Based on pre-test and post-test scores, students' understanding of safety issues improves by about 30% on average as a result of watching these demonstrations.
Parks & Playgrounds
Our employees often lend a hand to create parks and playgrounds for our youngest community members. At the B. Robert Lewis House in Eagan, Minnesota Energy Resources employees built a new play system and rebuilt a deck that was in need of repair.
The house is a safe place for women and children experiencing domestic violence. Anika Rychner, Director of the Lewis House, said, "Your contribution in time, talent and compassion made a valuable difference to ... the community. To volunteer and give of your time has a special quality of its own. We have been helping families in crisis for over 30 years, and we depend on our caring and special volunteers."
Art & Nature
The mission of the Caponi Art Park is to make art accessible to all. On its grounds, people come together with art and nature to restore, nurture and maintain the basic unity of the human spirit.
Located on 60-acres of rolling wooded hills, brick and dirt paths are linear drawings, retraced by each person who walks on them. Rock walls and shaped earth host sculptures throughout the grounds. In making the art park, Anthony Caponi, sculptor, retired professor and chair of the Art Department of Macalester College in St. Paul, Minnesota, created serious works to demonstrate that art and the environment can be one.
Minnesota Energy Resources contributes to the Caponi Art Park in Eagan, Minnesota. The park is open for tours by schools and other groups. It presents free activities and performances featuring the region's top artists in an outdoor environment.
Late afternoon on June 17, 2010, about 36 tornadoes swept through Minnesota — a state record — and left behind a pile of rubble. Hardest hit were Wadena (population 4,300; about 70 miles southeast of Fargo) and the farm country in the Albert Lea area (about 90 miles south of the Twin Cities).
Because of the devastation, several available Minnesota Energy Resources employees from areas around the state were called in to assist and worked long hours. To avoid any potential compromise of safety, natural gas was shut off to the affected areas. Approximately 230 homes in the Wadena area reported damage. Hardest hit was the southwestern part of town.

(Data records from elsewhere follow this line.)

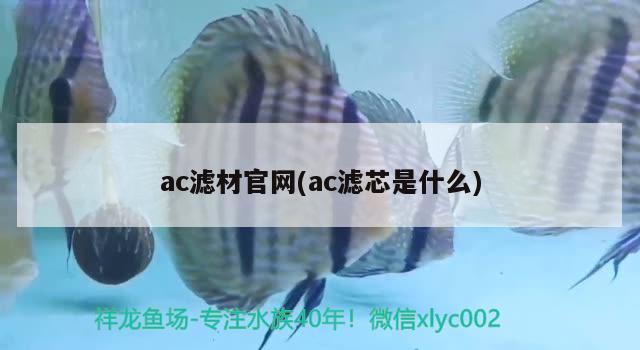 ac滤材官网(ac滤芯是什么)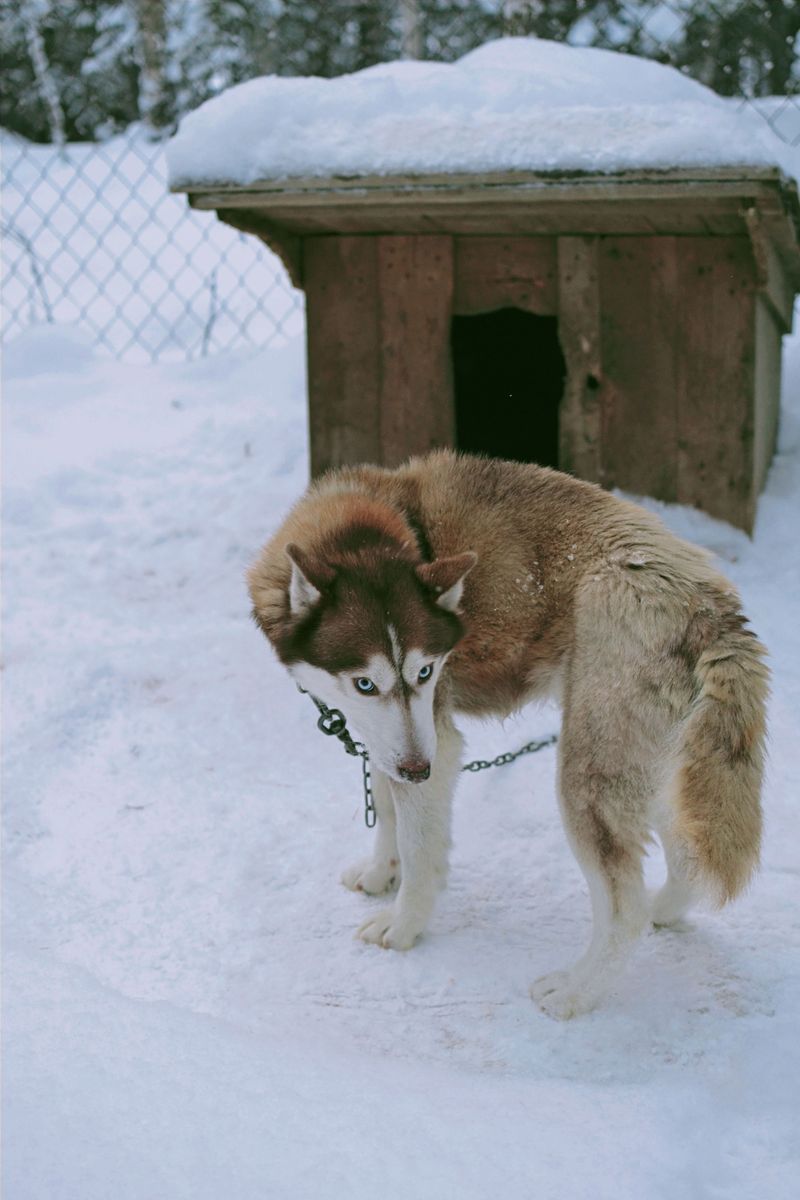 Cold-Weather Shelter Rules Often Come From Your City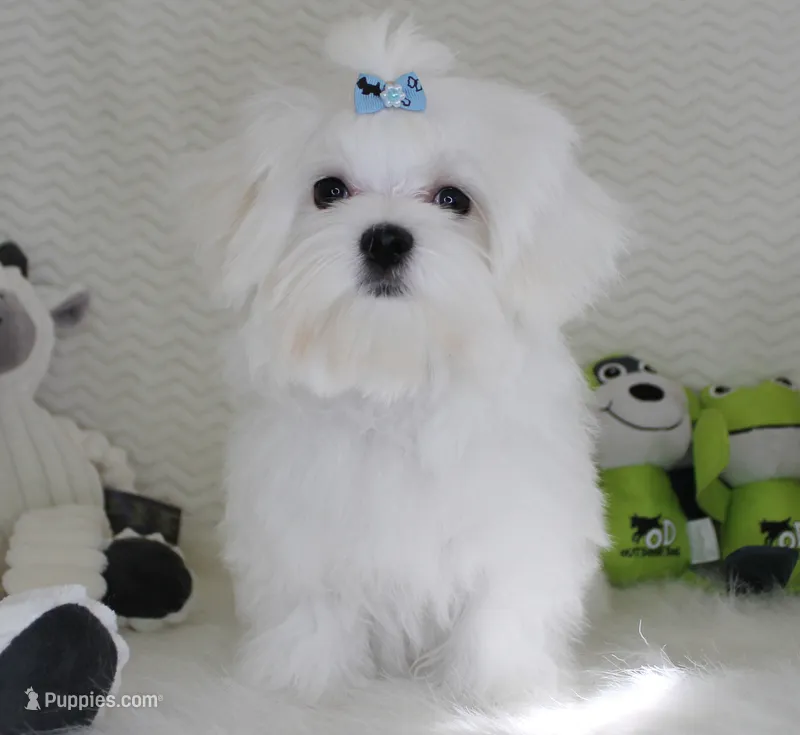Toy size Snowie – Maltese puppy for sale in Littlerock, CA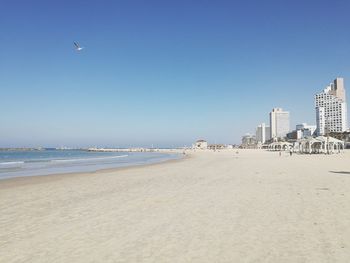 Seagulls on beach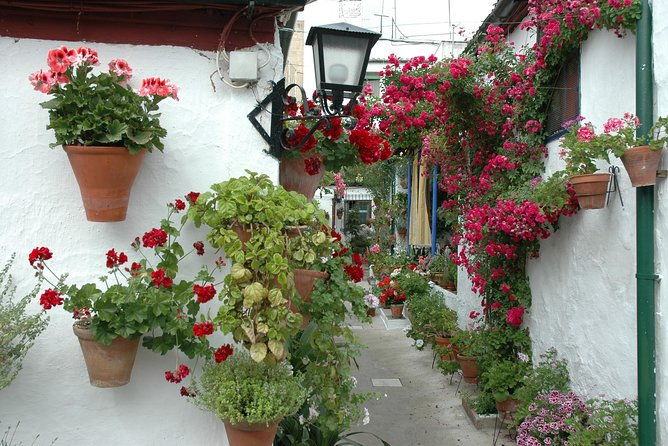 cordobas-authentic-patios-2-hour-tour-with-tickets-2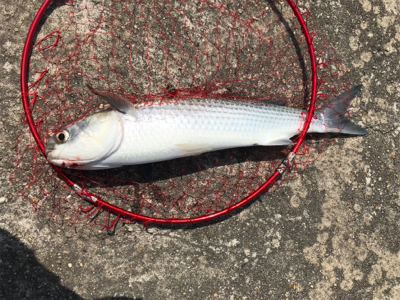 まさか釣れるとは…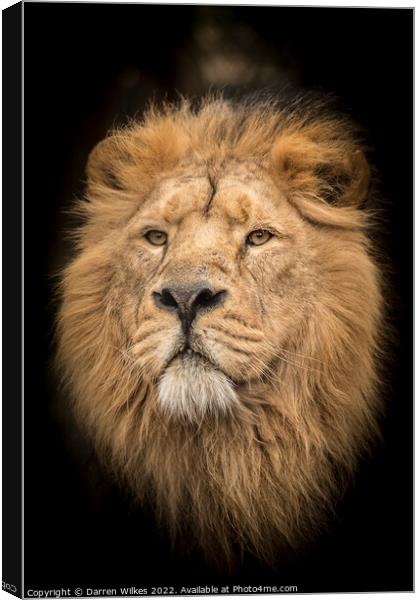 Male Asiatic Lion Canvas Print by Darren Wilkes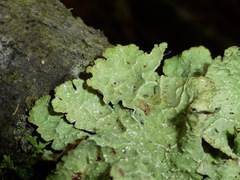 Platismatia norvegica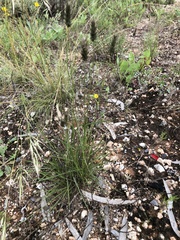 Enneapogon nigricans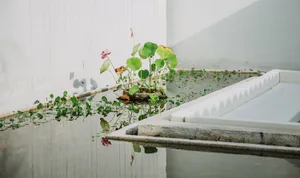 A pond feature with lotus flowers and green leaves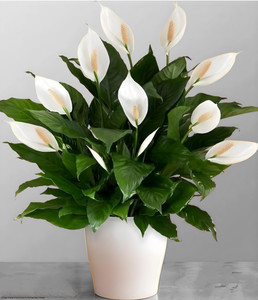 PlantsEarth Peace Lily Plant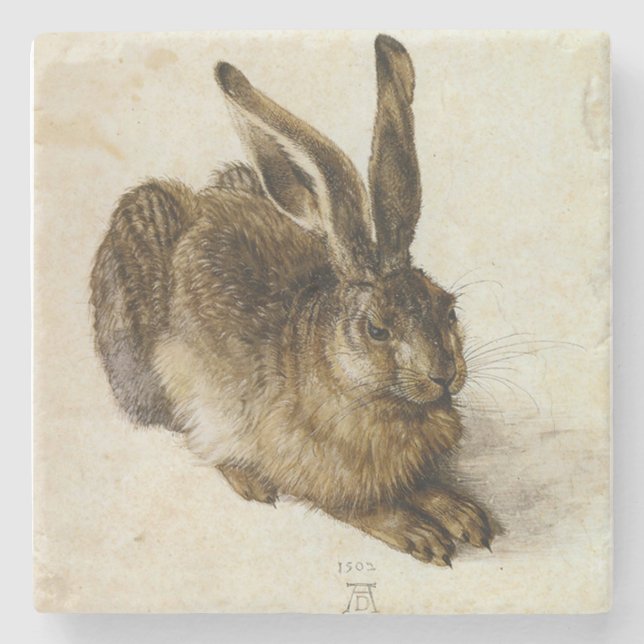 ‘Young Hare’ by Albrecht Dürer Square Stone Coaster (Front)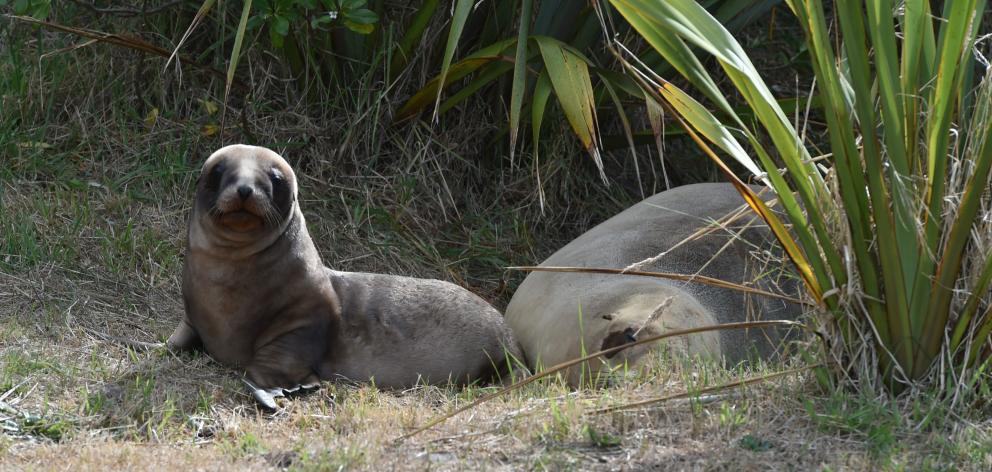 Track closed until end of sea lion breeding season | Otago Daily Times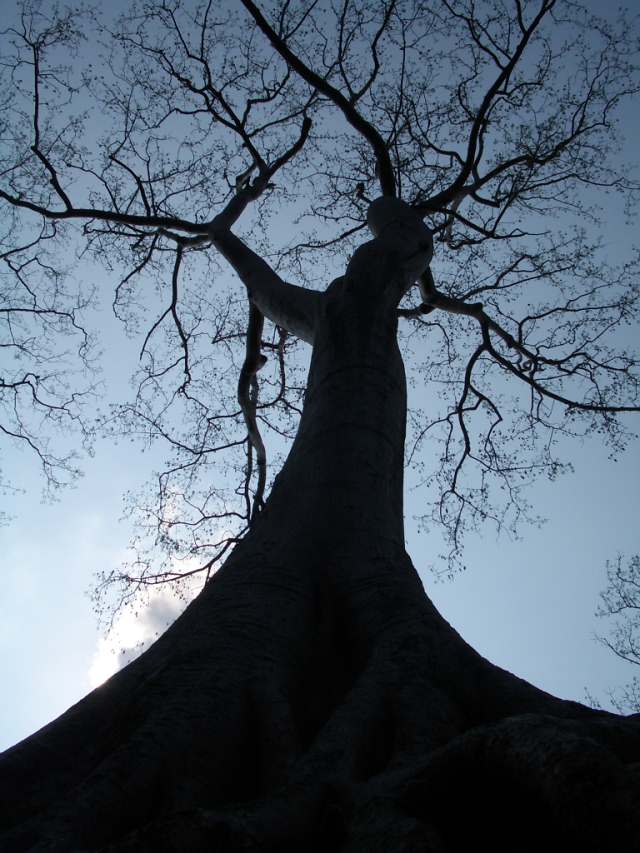 Ta Prohm tree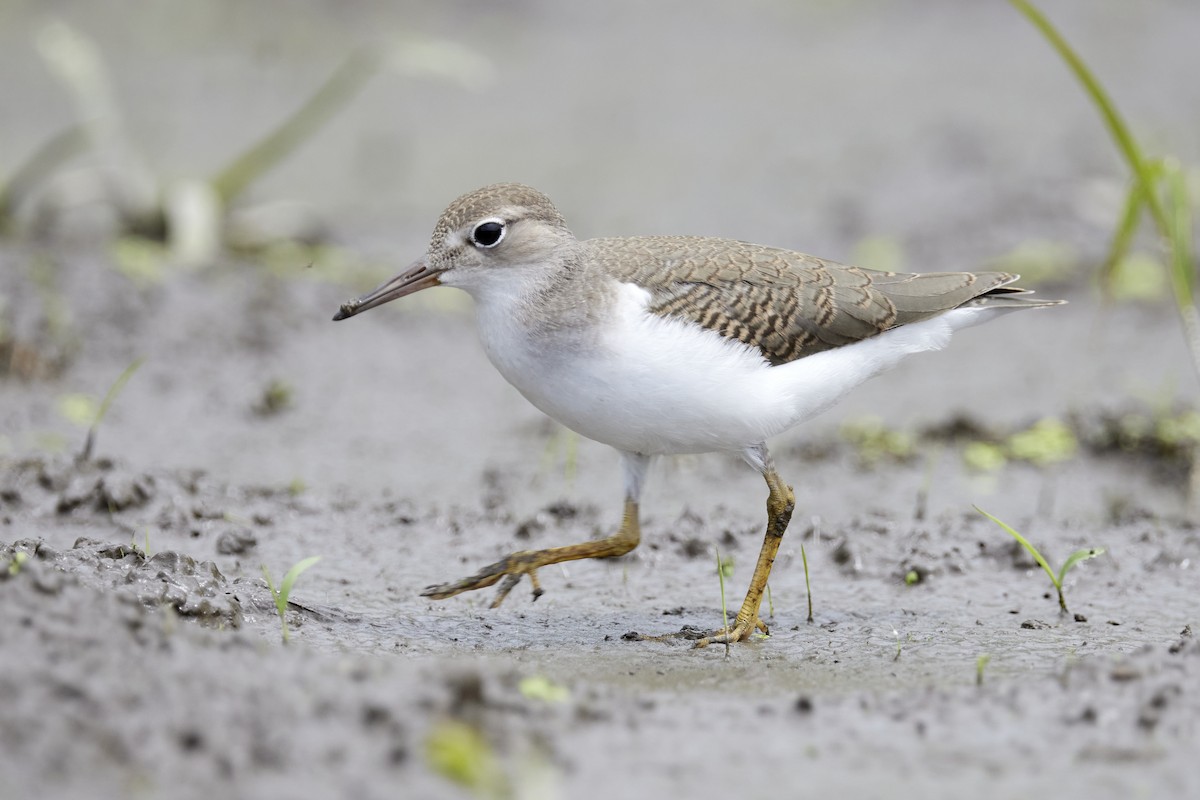 Spotted Sandpiper - ML468186681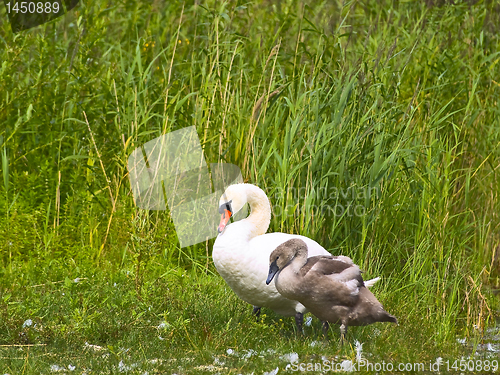 Image of cygnet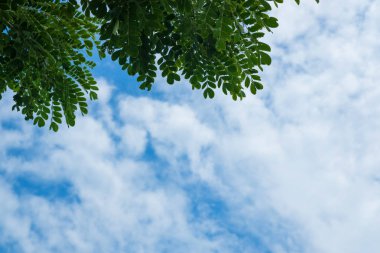 Ormandaki ağaçların üzerinde gökyüzü 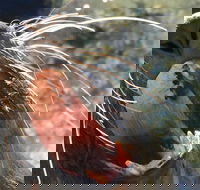 Narooma and Tilba Valley Private Tour - Stayed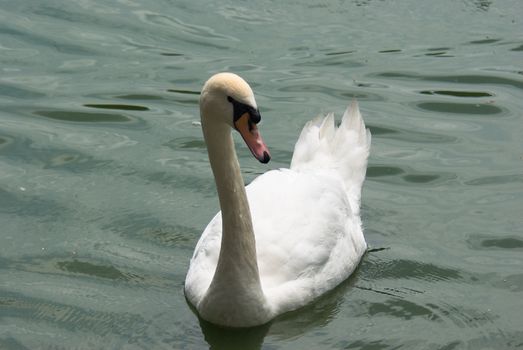 A swam simming alone on a lake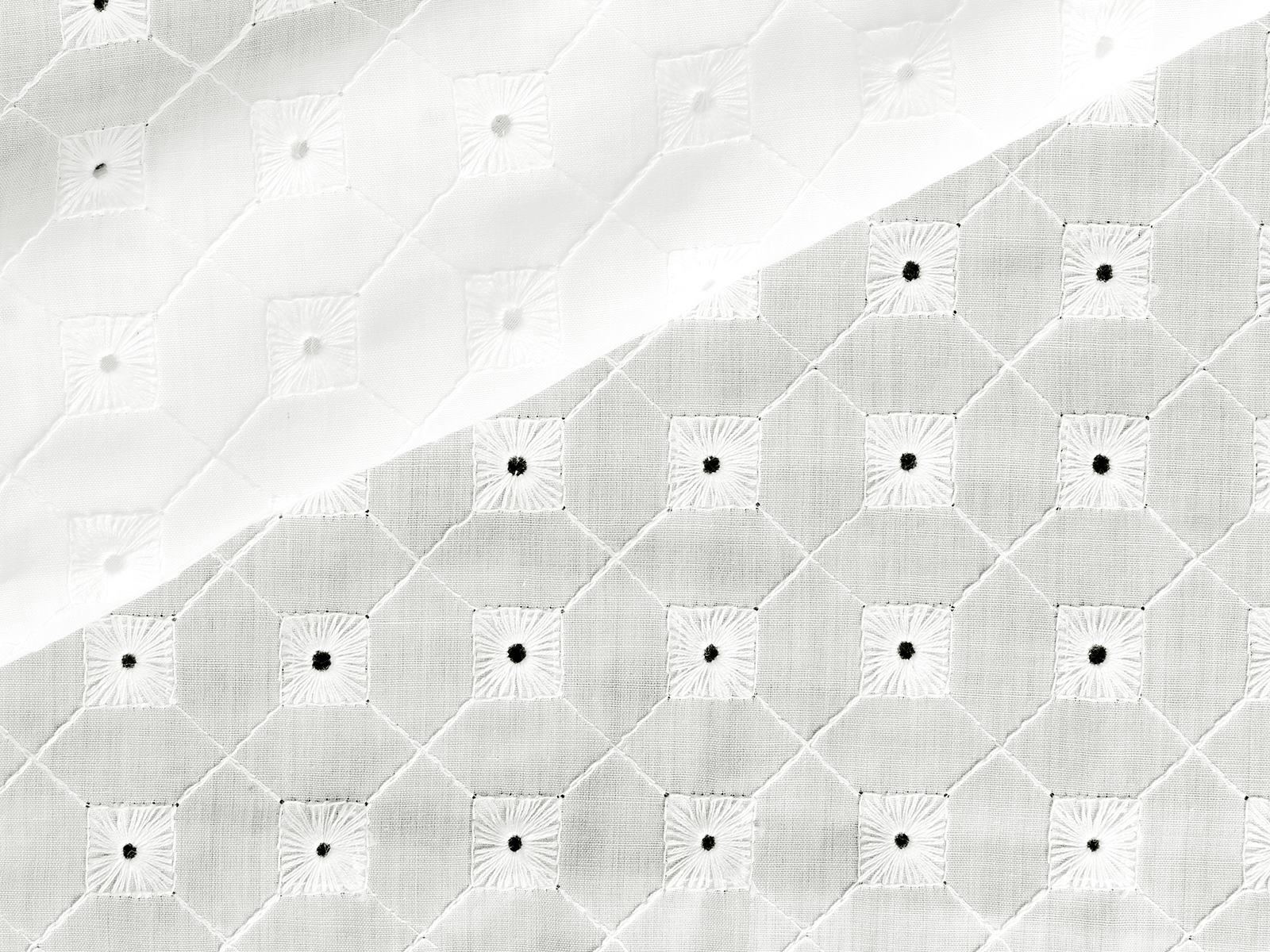 P11NL066300002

The devastation drew national media attention, and the National Guard was called in to help secure the area alongside volunteers and neighbors who began cleaning up the rubble and assessing the situation.
Natural gas was turned back on when areas were again deemed habitable, and after the natural gas systems were extensively tested to ensure safety. Crews from Minnesota Energy Resources were available and ready to assist as natural gas was restored to homes and appliances were re-lit.
Minnesota Energy Resources' employees worked with residents in affected areas to rise above the difficult challenges posed by this natural disaster.
Supporting A Better Chance House
Minnesota Energy Resources partners with the Better Chance House by funding energy efficiency improvements and programming. "The support we receive from Minnesota Energy Resources is priceless. With their continued support we continue to help our young scholars break the cycle of poverty and realize their dreams," said Breanna Bly, Director of the Rochester Better Chance Home.
Since its beginning in 1972, Rochester Better Chance (RBC) has enabled more than 100 academically talented inner-city youth to graduate from John Marshall High School with a 3.0 GPA or higher.
Funding for Proctor Fire Department
Minnesota Energy Resources recently awarded the Proctor Fire Department with a donation for a combustible gas indicator unit (CGI). These units help firefighters answer calls when carbon monoxide monitors detect unsafe amounts of the gas. Minnesota law requires all homes to have carbon monoxide detectors, and local firefighters respond to carbon monoxide calls.
Children's Safety Camp
The City of Thief River Falls' Park and Recreation Department runs an annual 2-day children's safety camp, for which Minnesota Energy Resources Technician Herb Skiple has volunteered for years. He uses the city's backhoe, barricades, cones and locate flags to portray a construction site. Skiple said, "We discuss the hazards found in a construction setting, why you don't remove locate flags around town and natural gas safety."